Some thoughts I wrote down in ~1 hour at the San Francisco Writing Club

Upside-down teaching / Flipped classroom

Eric Mazur is a professor of physics at Harvard whose students were getting perfectly adequate grades. One day though he decided to measure how much information they were retaining from his lectures. He found they largely forgot everything by the end of the lecture and even more by the time the next one came around.

So he started iterating on ways to turn his lectures into a more efficient use of his students' time. The process he ended up with looks like this:

  • A few days before the lecture he sends the pupils the material that he wants them to learn this week. They study this in their own time.
  • He also sends them a quiz with about 6 questions. The scores of the quiz contribute to a small proportion of the pupils' grades (~5%). This isn't because he's particularly concerned by how well the students do. He just wants to incentivise them to attempt them seriously.
  • He uses the results of these quizzes to understand where the main areas of confusion are with the material. He prepares about 6 questions around these areas.
  • In the actual lecture, he will put these questions up on the board one at a time and have the students vote for the answer they think is correct. Inevitably there will be some disagreement, but before explaining to the pupils why the correct answer is correct, he will get the pupils to explain to their neighbours why their answer is correct.

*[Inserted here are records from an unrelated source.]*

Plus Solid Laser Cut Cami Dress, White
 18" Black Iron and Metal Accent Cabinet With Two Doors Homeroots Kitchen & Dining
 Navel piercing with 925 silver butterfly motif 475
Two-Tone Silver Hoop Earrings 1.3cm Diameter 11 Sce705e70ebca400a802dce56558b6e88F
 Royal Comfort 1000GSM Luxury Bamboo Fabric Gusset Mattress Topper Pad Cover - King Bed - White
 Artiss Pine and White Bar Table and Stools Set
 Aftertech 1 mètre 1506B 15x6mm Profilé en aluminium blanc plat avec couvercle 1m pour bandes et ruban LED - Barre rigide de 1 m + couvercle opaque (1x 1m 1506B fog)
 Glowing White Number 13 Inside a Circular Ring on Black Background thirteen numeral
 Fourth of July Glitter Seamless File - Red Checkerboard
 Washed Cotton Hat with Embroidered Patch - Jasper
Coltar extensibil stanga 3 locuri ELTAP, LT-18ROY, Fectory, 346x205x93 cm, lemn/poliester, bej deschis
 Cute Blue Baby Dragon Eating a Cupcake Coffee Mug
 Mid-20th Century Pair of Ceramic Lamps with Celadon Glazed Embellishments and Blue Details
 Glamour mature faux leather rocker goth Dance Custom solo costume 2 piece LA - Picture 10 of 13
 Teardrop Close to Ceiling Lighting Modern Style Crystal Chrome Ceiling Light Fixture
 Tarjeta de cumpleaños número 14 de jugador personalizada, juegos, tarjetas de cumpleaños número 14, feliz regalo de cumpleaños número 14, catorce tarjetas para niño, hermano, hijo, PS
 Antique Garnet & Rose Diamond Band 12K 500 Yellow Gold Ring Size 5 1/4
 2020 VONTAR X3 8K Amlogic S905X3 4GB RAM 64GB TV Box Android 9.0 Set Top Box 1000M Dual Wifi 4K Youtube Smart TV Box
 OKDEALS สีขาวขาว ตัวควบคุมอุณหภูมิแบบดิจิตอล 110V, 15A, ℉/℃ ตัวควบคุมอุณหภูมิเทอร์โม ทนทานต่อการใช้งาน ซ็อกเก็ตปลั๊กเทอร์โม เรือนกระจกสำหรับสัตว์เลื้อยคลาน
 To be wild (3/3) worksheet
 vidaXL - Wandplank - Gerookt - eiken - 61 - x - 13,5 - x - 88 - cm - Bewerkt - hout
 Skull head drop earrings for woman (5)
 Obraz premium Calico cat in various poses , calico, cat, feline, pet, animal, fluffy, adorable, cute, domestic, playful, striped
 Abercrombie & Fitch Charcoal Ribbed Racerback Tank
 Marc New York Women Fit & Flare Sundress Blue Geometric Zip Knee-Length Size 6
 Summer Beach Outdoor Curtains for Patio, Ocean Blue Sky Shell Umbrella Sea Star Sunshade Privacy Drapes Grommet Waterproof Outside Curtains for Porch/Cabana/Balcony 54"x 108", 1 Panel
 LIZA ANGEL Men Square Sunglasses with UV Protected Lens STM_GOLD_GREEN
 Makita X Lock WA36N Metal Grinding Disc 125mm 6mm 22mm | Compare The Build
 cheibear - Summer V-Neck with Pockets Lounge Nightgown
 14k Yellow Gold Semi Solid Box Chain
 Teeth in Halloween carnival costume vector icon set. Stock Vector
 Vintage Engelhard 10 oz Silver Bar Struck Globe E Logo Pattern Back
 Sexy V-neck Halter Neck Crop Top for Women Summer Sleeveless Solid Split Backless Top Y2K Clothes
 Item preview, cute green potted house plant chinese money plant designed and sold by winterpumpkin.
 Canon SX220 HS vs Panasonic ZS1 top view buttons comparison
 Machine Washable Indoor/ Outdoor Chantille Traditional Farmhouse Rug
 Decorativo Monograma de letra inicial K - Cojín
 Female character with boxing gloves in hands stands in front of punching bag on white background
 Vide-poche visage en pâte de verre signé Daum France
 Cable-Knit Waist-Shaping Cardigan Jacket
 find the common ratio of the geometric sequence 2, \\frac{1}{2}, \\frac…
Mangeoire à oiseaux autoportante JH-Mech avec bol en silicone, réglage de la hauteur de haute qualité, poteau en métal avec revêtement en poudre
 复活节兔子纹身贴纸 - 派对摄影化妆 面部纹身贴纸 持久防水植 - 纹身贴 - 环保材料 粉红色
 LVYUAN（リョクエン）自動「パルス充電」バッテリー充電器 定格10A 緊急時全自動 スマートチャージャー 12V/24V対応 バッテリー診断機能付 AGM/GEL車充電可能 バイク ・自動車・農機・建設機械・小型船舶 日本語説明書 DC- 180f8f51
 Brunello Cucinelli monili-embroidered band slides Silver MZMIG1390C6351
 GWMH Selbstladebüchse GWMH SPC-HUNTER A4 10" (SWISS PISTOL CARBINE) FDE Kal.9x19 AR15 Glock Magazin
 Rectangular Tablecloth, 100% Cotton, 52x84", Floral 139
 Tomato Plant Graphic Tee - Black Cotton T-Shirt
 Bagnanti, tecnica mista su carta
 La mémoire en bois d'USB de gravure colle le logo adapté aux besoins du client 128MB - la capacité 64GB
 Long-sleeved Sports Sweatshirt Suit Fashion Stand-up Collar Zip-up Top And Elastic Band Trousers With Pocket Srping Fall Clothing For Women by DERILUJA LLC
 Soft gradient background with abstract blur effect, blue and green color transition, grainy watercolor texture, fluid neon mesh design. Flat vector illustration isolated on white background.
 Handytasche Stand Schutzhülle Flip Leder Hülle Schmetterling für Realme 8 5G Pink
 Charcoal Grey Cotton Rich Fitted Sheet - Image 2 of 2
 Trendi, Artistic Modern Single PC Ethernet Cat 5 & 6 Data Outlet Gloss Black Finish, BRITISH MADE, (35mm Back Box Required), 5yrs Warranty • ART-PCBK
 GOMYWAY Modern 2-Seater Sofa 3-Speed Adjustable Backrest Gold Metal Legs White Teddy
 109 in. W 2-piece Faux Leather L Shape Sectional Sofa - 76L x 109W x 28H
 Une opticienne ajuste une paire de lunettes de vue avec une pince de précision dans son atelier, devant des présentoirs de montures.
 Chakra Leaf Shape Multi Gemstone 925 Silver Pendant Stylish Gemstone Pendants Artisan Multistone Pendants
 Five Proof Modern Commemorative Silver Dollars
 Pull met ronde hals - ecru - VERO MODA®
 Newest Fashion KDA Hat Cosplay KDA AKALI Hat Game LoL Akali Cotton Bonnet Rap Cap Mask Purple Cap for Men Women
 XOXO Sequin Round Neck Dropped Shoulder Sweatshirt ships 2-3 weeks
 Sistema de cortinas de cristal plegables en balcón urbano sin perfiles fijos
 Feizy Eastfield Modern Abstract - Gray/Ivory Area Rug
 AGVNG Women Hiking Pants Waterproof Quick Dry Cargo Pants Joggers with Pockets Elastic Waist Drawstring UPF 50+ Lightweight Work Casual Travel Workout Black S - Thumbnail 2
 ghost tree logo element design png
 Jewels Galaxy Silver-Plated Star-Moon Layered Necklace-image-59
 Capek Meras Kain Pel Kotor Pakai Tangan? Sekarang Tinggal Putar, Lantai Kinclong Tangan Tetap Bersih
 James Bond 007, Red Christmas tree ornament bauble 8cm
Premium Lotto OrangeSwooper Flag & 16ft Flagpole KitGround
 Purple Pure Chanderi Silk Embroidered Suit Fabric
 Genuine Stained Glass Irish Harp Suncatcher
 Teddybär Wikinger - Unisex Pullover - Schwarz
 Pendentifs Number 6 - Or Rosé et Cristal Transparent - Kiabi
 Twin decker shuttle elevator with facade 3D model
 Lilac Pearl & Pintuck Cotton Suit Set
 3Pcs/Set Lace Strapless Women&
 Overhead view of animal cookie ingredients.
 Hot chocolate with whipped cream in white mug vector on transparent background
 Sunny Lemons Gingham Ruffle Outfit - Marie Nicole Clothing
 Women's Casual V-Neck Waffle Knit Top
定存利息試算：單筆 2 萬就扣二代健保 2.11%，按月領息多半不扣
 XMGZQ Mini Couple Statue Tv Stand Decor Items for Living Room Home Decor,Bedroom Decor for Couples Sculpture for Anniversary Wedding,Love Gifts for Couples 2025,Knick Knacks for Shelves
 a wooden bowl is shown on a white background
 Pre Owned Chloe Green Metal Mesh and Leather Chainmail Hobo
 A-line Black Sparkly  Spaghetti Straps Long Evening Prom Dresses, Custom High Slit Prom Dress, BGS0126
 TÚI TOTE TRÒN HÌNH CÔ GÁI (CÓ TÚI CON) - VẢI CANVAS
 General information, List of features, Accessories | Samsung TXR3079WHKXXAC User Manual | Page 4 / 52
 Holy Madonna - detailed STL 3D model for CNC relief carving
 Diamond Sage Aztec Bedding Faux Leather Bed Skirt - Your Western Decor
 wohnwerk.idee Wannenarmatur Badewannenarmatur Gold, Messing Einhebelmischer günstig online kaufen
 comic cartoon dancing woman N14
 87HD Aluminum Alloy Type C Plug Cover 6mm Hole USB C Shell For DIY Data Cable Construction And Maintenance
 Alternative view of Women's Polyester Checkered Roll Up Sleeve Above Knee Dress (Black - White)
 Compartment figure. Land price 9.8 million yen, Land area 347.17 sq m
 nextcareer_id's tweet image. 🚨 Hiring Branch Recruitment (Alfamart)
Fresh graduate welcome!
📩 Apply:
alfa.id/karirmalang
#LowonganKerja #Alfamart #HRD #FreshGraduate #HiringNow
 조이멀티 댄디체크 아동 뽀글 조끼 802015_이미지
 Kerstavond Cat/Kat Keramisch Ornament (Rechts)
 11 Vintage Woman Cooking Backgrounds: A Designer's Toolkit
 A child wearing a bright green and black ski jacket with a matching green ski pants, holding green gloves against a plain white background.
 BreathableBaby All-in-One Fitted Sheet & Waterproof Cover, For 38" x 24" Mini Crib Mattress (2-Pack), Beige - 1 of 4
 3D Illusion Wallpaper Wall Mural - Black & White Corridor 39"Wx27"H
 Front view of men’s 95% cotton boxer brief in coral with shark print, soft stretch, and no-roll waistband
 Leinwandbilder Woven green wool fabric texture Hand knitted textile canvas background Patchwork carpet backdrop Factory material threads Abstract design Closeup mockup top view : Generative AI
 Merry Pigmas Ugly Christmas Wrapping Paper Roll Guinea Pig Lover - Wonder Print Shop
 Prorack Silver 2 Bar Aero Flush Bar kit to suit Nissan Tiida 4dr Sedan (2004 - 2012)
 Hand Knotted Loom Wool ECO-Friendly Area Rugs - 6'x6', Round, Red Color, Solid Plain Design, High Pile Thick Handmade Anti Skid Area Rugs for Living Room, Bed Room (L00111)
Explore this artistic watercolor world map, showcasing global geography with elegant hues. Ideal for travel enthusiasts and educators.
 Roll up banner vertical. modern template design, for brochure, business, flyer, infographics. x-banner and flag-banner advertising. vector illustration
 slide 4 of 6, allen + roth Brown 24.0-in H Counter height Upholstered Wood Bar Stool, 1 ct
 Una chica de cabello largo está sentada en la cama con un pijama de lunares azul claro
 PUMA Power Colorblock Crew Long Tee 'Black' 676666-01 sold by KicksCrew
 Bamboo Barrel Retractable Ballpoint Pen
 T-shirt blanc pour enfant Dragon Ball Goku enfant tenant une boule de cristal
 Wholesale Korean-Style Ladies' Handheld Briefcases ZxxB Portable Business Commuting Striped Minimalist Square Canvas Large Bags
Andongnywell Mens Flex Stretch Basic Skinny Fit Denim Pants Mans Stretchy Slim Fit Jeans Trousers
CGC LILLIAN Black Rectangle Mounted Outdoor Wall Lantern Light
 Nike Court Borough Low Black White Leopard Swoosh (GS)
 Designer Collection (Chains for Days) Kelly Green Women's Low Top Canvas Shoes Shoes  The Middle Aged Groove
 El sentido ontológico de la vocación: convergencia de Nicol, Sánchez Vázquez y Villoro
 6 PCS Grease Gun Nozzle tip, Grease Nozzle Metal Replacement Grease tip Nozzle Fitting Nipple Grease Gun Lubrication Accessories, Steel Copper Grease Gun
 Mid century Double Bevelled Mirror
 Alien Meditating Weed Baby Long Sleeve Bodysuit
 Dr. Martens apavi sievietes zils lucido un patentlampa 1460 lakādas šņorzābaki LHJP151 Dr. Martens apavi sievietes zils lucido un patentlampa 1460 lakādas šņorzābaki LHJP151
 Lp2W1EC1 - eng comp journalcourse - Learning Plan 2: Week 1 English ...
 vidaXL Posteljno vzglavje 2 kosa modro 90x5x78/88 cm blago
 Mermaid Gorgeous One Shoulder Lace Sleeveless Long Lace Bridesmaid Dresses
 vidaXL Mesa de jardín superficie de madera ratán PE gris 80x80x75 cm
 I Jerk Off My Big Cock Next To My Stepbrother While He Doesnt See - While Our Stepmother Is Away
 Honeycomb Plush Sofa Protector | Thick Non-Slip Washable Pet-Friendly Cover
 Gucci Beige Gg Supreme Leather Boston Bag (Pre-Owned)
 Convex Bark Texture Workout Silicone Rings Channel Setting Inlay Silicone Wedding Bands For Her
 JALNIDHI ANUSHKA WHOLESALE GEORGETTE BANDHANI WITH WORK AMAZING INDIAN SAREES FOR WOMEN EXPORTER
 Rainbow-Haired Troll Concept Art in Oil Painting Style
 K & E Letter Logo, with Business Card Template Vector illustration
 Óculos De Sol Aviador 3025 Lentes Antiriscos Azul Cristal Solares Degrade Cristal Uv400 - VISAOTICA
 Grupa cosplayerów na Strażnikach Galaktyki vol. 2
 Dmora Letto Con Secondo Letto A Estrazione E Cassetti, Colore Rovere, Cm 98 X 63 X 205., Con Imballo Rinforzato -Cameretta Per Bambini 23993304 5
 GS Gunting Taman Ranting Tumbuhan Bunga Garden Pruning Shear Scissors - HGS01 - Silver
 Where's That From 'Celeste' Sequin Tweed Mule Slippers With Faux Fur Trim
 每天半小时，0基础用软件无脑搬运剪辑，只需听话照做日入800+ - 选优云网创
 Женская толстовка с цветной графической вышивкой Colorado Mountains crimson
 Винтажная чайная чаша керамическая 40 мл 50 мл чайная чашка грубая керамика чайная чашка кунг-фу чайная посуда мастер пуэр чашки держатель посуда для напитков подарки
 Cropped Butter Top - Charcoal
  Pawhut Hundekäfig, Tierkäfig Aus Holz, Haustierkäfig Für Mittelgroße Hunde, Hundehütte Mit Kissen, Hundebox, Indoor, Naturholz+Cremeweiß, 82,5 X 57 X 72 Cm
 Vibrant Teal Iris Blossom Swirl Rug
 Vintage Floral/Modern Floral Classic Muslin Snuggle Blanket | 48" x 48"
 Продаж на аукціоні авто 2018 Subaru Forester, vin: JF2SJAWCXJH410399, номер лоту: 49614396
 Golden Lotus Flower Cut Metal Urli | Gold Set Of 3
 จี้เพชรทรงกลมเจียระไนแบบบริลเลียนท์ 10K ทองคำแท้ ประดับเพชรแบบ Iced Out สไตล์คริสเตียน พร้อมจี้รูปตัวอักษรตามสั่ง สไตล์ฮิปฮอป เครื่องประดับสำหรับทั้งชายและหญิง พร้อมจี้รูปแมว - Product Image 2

These mini-debates make the lecture an active use of the pupils' time and something they wouldn't get from watching a recording on their own. Furthermore, Mazur has found that students who have only just learnt the material can communicate with each other much better than he, who has long forgotten what it feels like to be unfamiliar with the material, can.

It's very silly that we make students sit passively listening to mediocre lecturers when they could watch and read the best material available on the internet, with the ability to rewind or speed up as appropriate. The in-person lecture time should be reserved for active engagement with the material with other people.

2 sigma tutoring

There's loads of evidence that tutoring is great. This surprises no one. But it's worth discussing what makes someone a really good tutor.

The best maths tutor and probably the best tutor of any subject I ever had was able to generate variations of problems on the fly which hinged on the exact point of misunderstanding I had. Lessons with him were exhausting but I came out of them with a vastly clearer understanding of the material.

But, obviously, tutors don't scale.

Fusing these approaches with LLMs

With LLMs, we can now ask questions about a specific thing we don't understand. We can also ask it to generate problems for us to tackle which require us to engage with the material.

How can we improve the performance of the LLM?

  • We'll want to prompt it to have the understanding of a famous domain expert but to engage with us in the clearest way possible. Perhaps we want a chain of thought where it emphasises accuracy and then rewrites its output to emphasise clarity for a beginner.
  • Long context windows allow us to load in chapters from relevant textbooks, and associated problem sets and answers. These could be directly given to the user, or used as examples for the LLM of problems we would like variations of.
  • Using the internet to surface the best tutorials on a topic.
  • Tool use with tools like Wolfram to validate proofs.

Richard Feynman is famous for his view that you don't fully understand something until you can explain it clearly to someone else. We can have our user explain a topic to the LLM where the LLM simulates a student who is new to the material.